→ Problem to solve: Below are lines of records; copy exactly those from the one containing "St. Andrews Close, Mayals, Swansea, photo 10" through the one containing "Entry Way - 130", leaving the pictures behind.

Given records below:

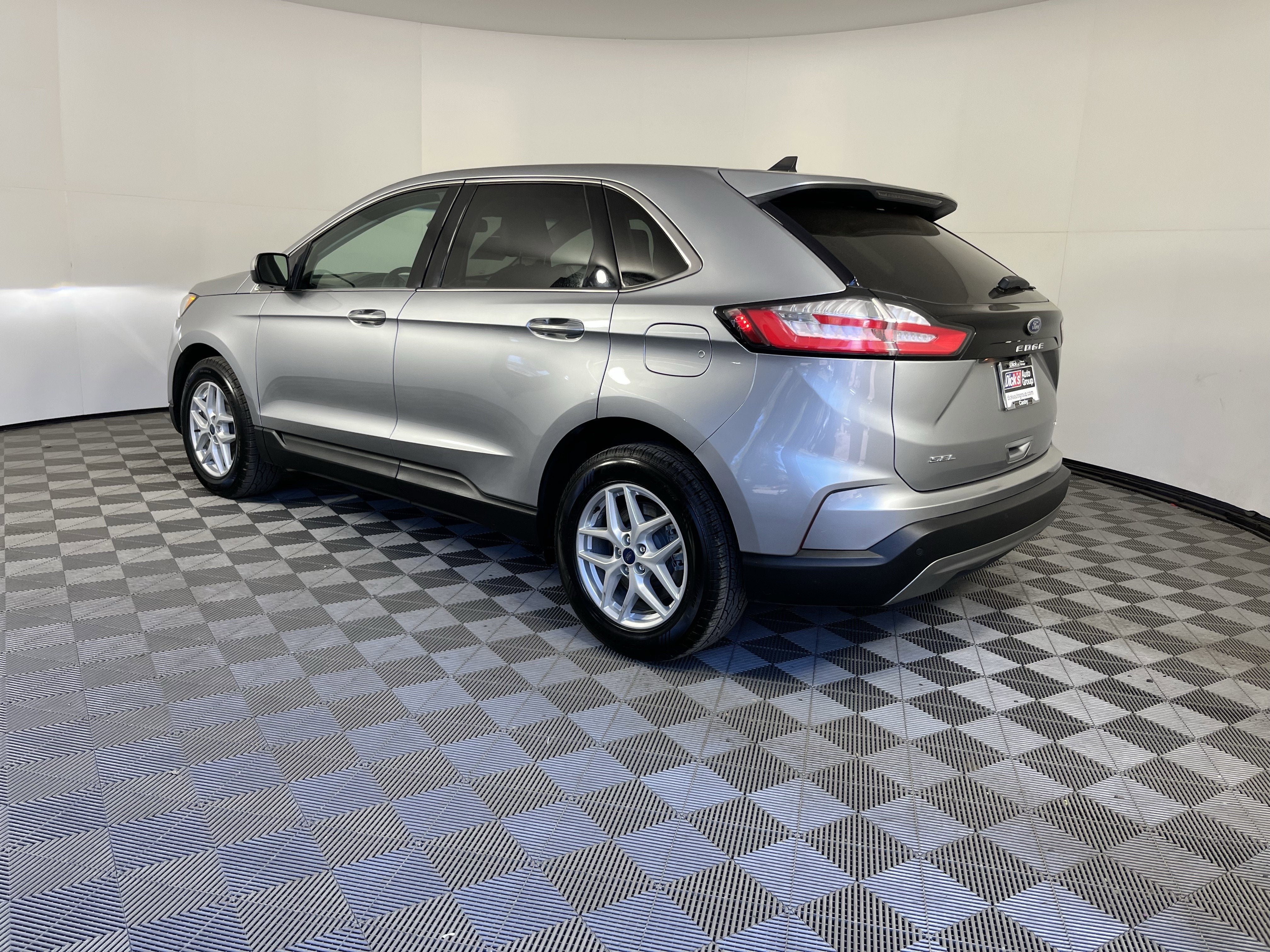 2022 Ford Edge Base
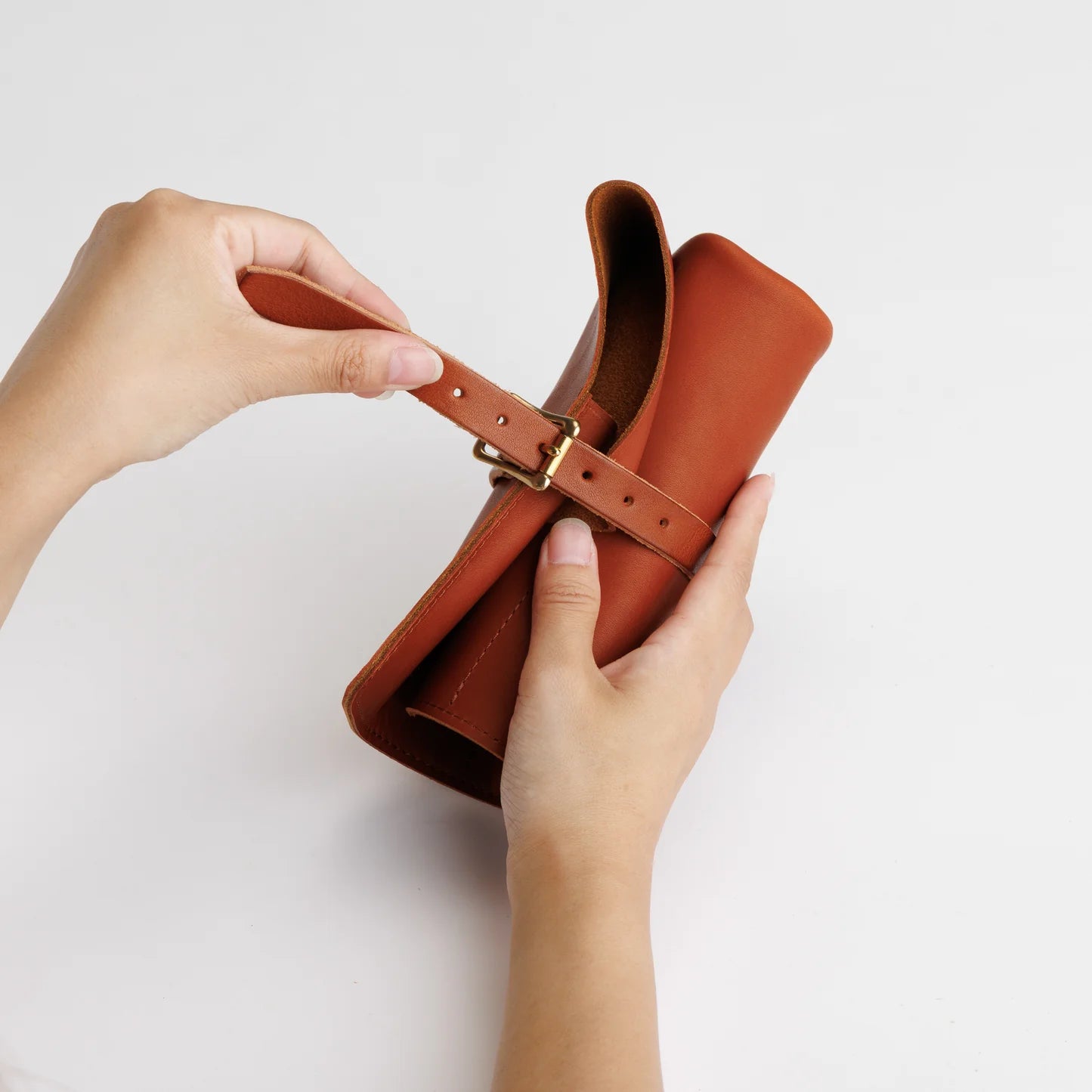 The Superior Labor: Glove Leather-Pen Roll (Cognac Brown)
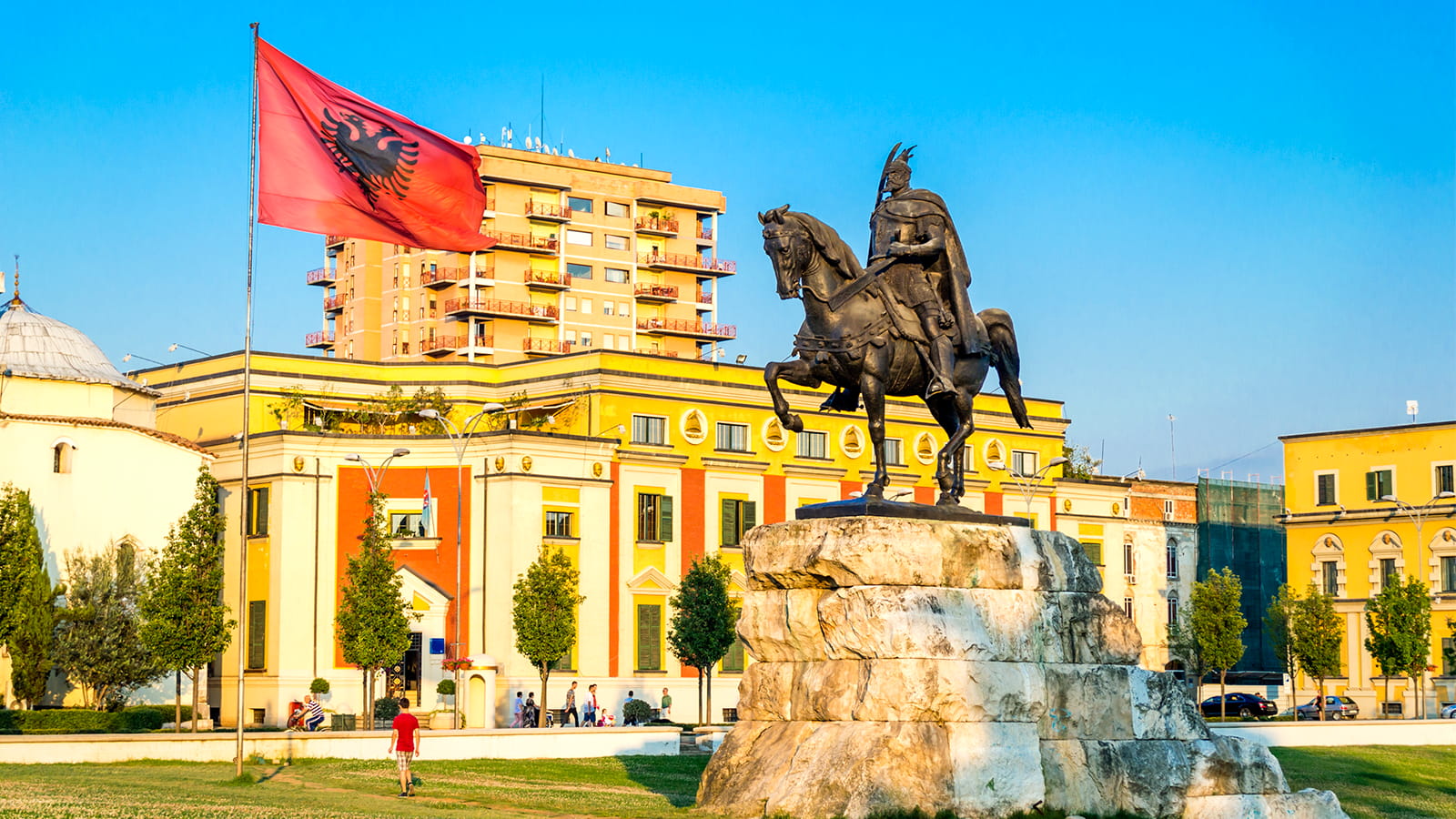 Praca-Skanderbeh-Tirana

End of Given records.
Given records below:

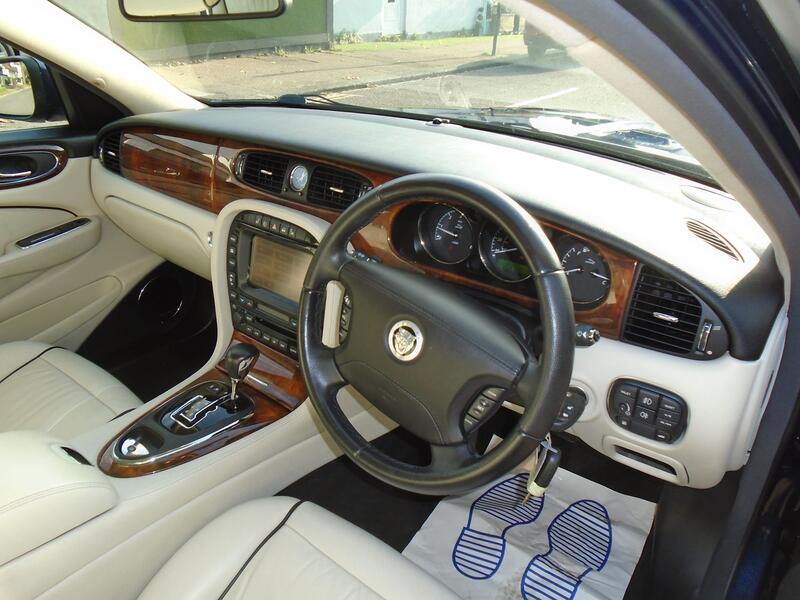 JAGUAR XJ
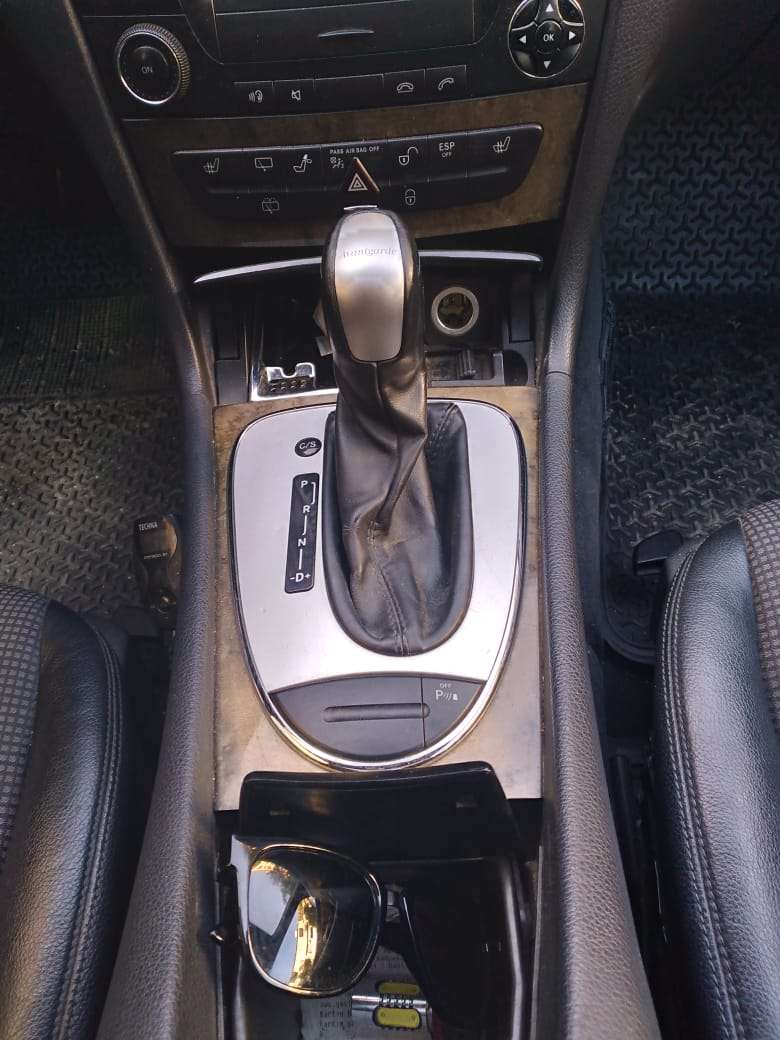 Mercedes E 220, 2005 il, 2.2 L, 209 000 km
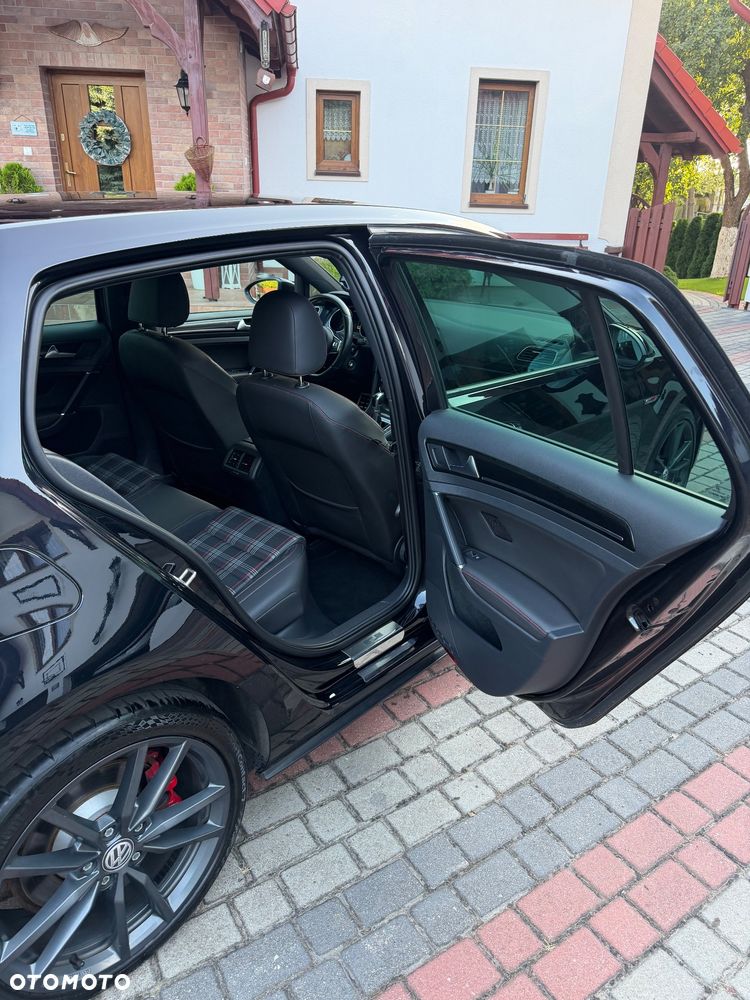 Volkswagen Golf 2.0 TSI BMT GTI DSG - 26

End of Given records.
Given records below:

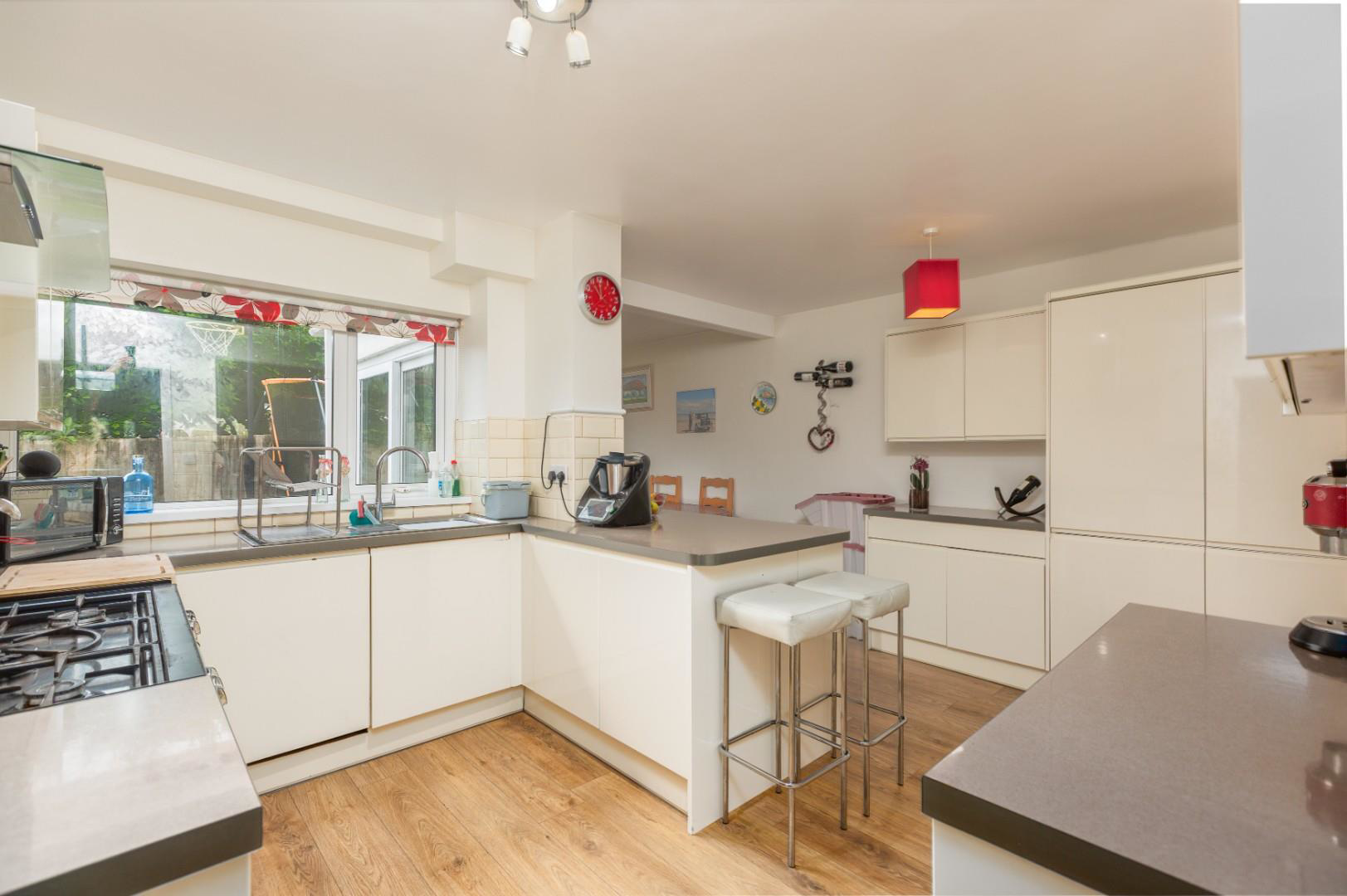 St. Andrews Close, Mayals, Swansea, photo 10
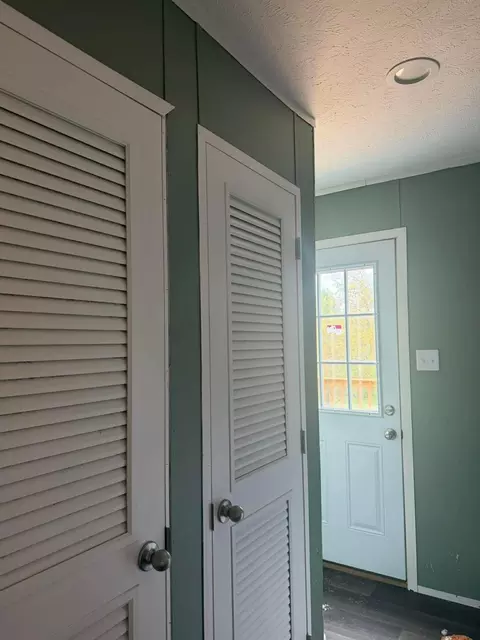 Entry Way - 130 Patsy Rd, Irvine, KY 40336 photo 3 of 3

End of Given records.

→ Written solution:
 St. Andrews Close, Mayals, Swansea, photo 10
 Entry Way - 130 Patsy Rd, Irvine, KY 40336 photo 3 of 3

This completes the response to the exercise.